The list of blockers also matters because it includes both social platforms and major media organizations. Facebook, Instagram, Craigslist, and Tumblr represent large pools of user-facing web content. The New York Times, Financial Times, The Atlantic, Vox Media, USA Today Network, and Condé Nast represent established publishing operations whose content may be especially relevant to AI systems that need current information and well-edited material.

Google has a different kind of leverage

Apple’s position differs sharply from Google’s. The source article says Google can use its search engine dominance to pressure publishers: allow AI access or risk lower search visibility. Google is able to do this by mixing AI overviews with traditional web crawling.

That creates a harder decision for publishers. If a publisher blocks a crawler that is tightly linked to search visibility, the cost may be immediate and practical. Search visibility can affect whether readers find a site at all.

Apple does not have the same leverage in this context. While Apple also has a crawler for search products, publishers can block the AI crawler without affecting their visibility in Apple’s search results. The source describes this setup as fairer, while also noting that search is not Apple’s core business.

This distinction is central to the current AI content dispute. A company that separates AI training access from search crawling gives publishers a cleaner choice. A company that blends AI functions with traditional search crawling can make that choice more difficult.

AI crawlers face broader resistance

Apple is not alone. Anthropic, OpenAI, and Google face similar challenges. The source article notes that OpenAI has experienced even higher block rates for its crawler.

That broader pattern suggests publishers are not only reacting to Apple. They are responding to the wider use of web content in AI systems and to the question of who should benefit when that content helps power AI answers, training, or product features.

The business stakes are especially visible in Google’s case. The company has reportedly ended earlier discussions with publishers about potential license agreements for using their content in AI answers. The source article adds that, given Google’s daily search volume, such agreements would likely be costly and would further squeeze search margins already under pressure from AI.

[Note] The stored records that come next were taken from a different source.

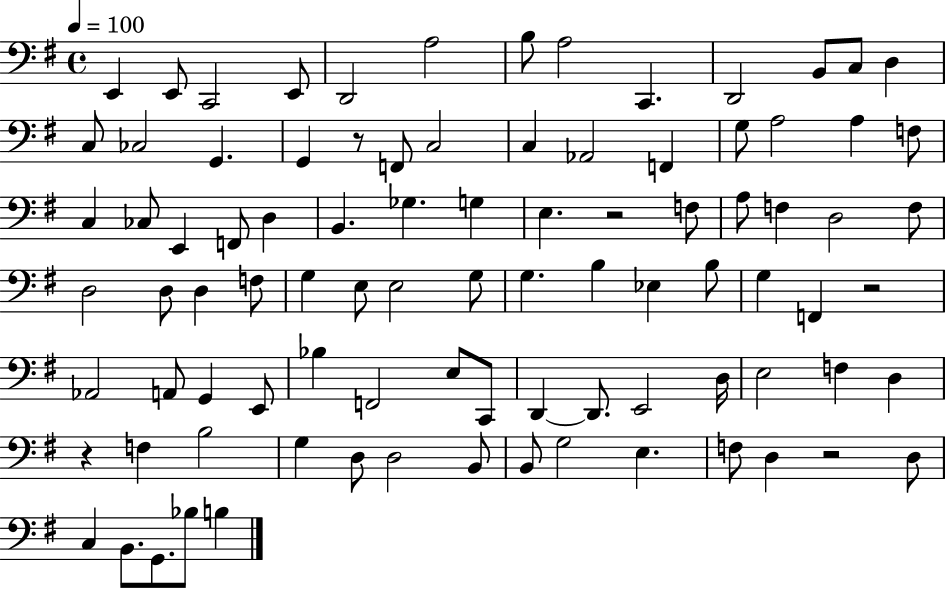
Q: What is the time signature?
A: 4/4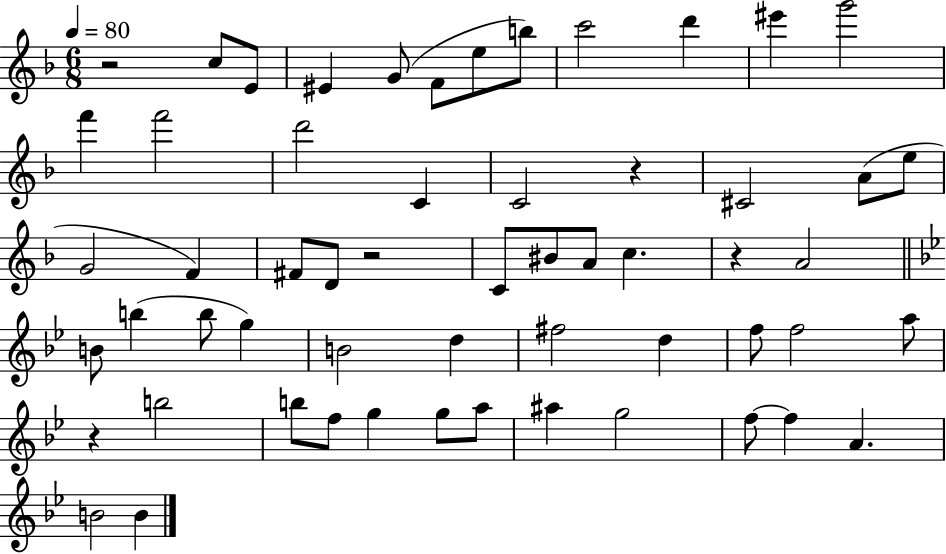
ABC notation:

X:1
T:Untitled
M:6/8
L:1/4
K:F
z2 c/2 E/2 ^E G/2 F/2 e/2 b/2 c'2 d' ^e' g'2 f' f'2 d'2 C C2 z ^C2 A/2 e/2 G2 F ^F/2 D/2 z2 C/2 ^B/2 A/2 c z A2 B/2 b b/2 g B2 d ^f2 d f/2 f2 a/2 z b2 b/2 f/2 g g/2 a/2 ^a g2 f/2 f A B2 B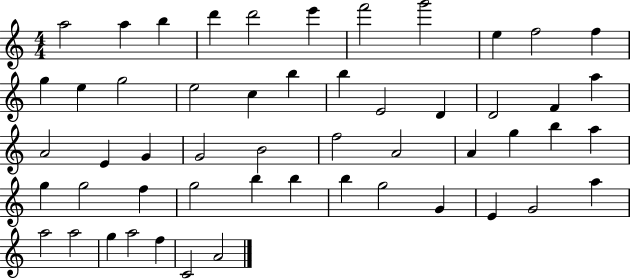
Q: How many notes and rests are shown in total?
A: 53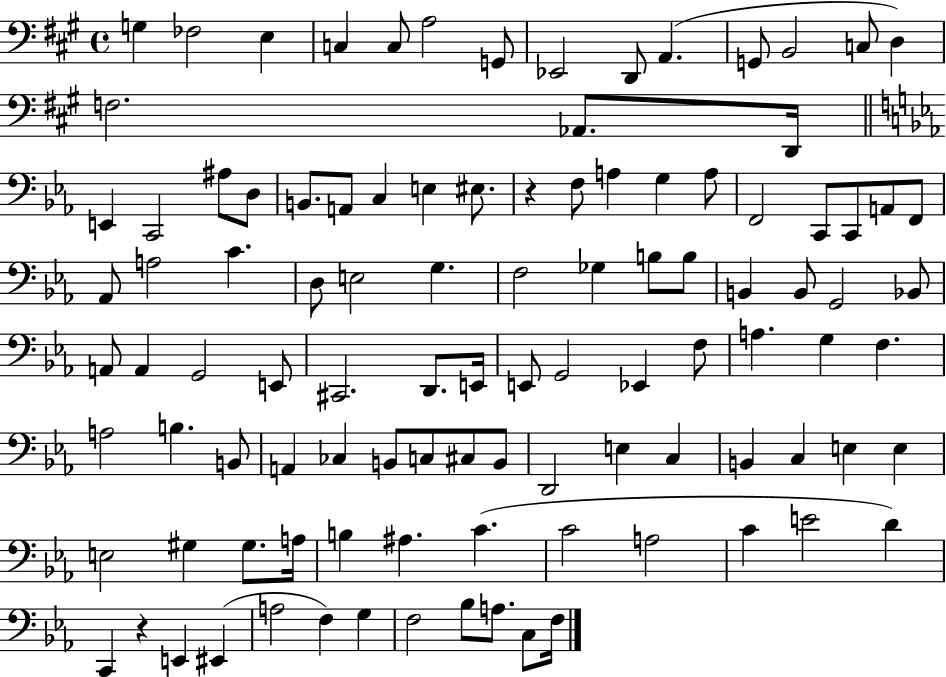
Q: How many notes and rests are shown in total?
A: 104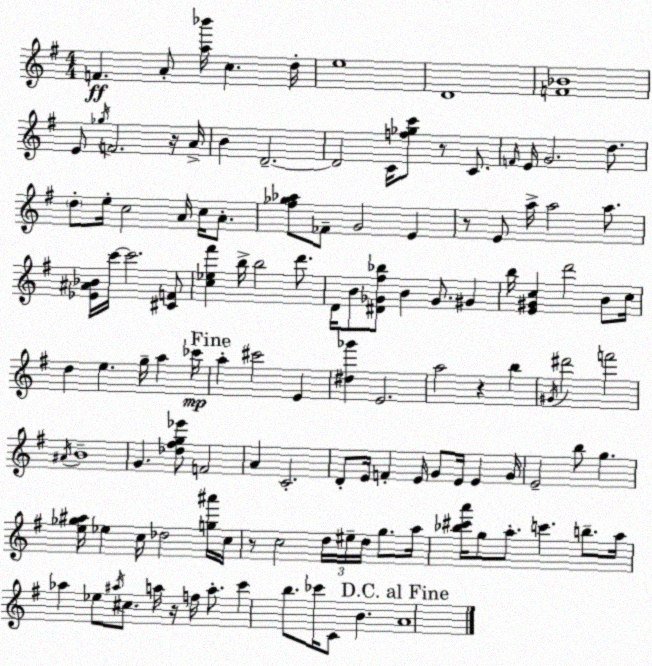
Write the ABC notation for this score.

X:1
T:Untitled
M:4/4
L:1/4
K:G
F A/2 [a_b']/4 c d/4 e4 D4 [F_B]4 E/2 _g/4 F2 z/4 A/4 B D2 D2 C/4 [f_gc']/2 z/2 C/2 F/4 E/4 G2 d/2 d/2 e/4 c2 A/4 c/4 A/2 [^f_g_a]/2 _F/2 G2 E z/2 E/2 a/4 a2 a/2 [_E^A_B]/4 c'/4 c'2 [^CF]/2 [c_e^f'] b/4 b2 d'/2 D/4 B/2 [^D_G^f_b]/2 B _G/2 ^G b/4 [E^Gc] d'2 B/2 c/4 d e g/4 a _c'/4 a ^c'2 E [^d_g'] E2 a2 z b ^G/4 ^d'2 f'2 ^A/4 B4 G [_d^fg_e']/2 F2 A C2 D/2 E/4 F E/4 G/2 E/4 E G/4 E2 b/2 g [e_g^a]/4 _e c/4 _d2 [g^a']/4 c/4 z/2 c2 d/4 ^e/4 d/4 g/2 a/4 [_b^c'a']/4 g/2 a/2 c' b/2 a/4 _a _e/2 ^a/4 ^c/2 a/4 z/4 f/4 a/2 c' b/2 _c'/4 C/2 B A4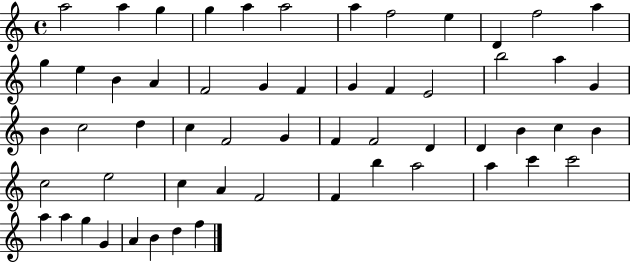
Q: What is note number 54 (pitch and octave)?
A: A4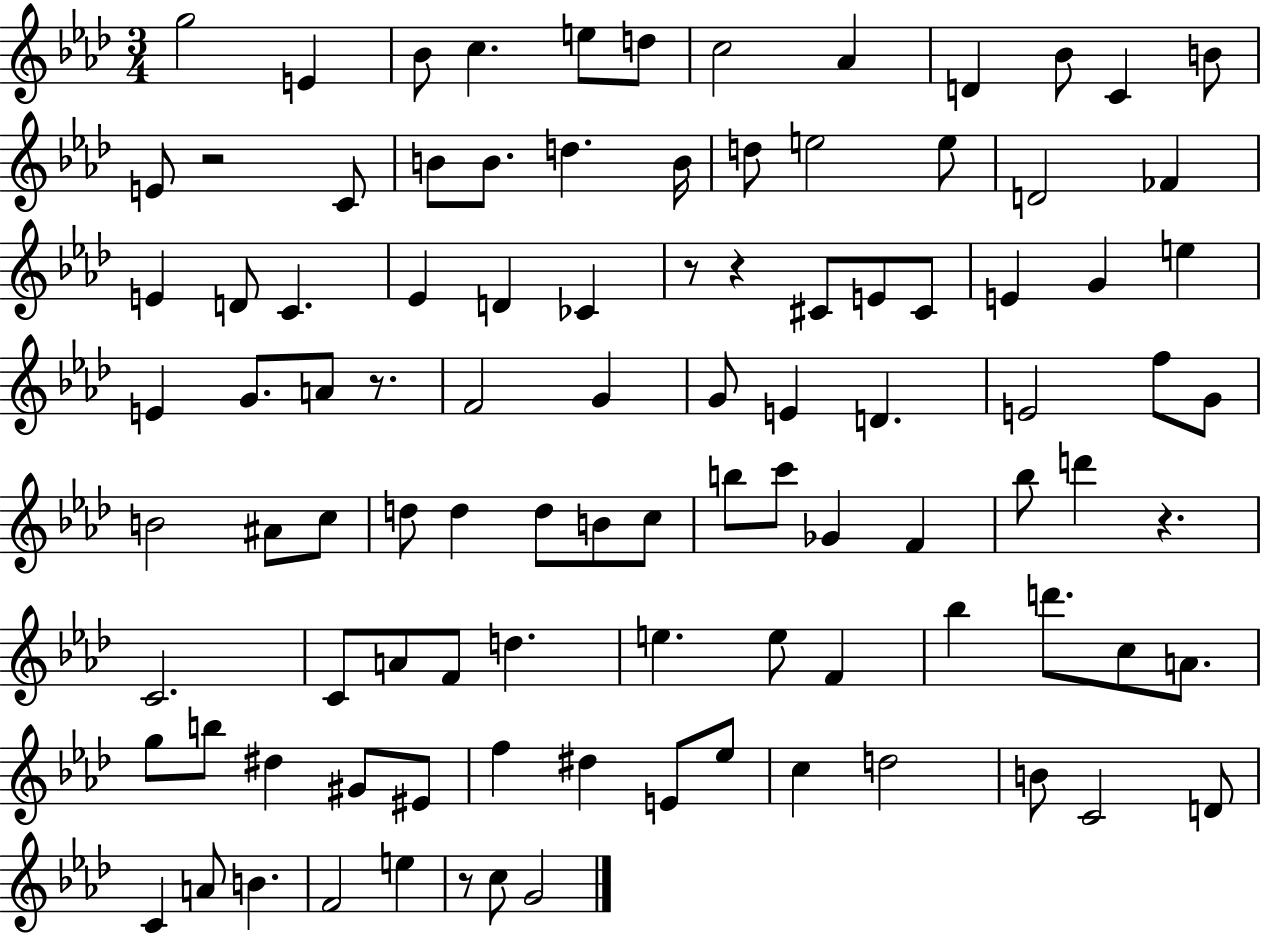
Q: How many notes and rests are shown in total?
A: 99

For Apple, the unresolved question is what future publisher access will look like inside Apple products. The source article specifically notes that it remains to be seen how OpenAI’s ChatGPT publisher licenses will work when accessed through Apple products.

The fight is over control, not just crawling

The conflict around Applebot-Extended is part of a larger shift in how websites treat automated access. Crawlers were once mostly associated with search indexing. AI training and AI answers have changed the calculation because the content may be used in products that do more than send readers back to the original page.

For publishers, the issue is control over valuable material. For AI companies, the issue is access to the kind of information that makes products more useful. For Apple, the immediate challenge is that many large sites can block its AI crawler without accepting a clear downside in Apple search visibility.

That leaves negotiation as the likely route. If publishers continue to block Applebot-Extended, Apple will need to persuade them through licensing terms rather than relying on automatic web access. Google, meanwhile, remains in a different position because search gives it leverage that Apple does not currently have in the same way.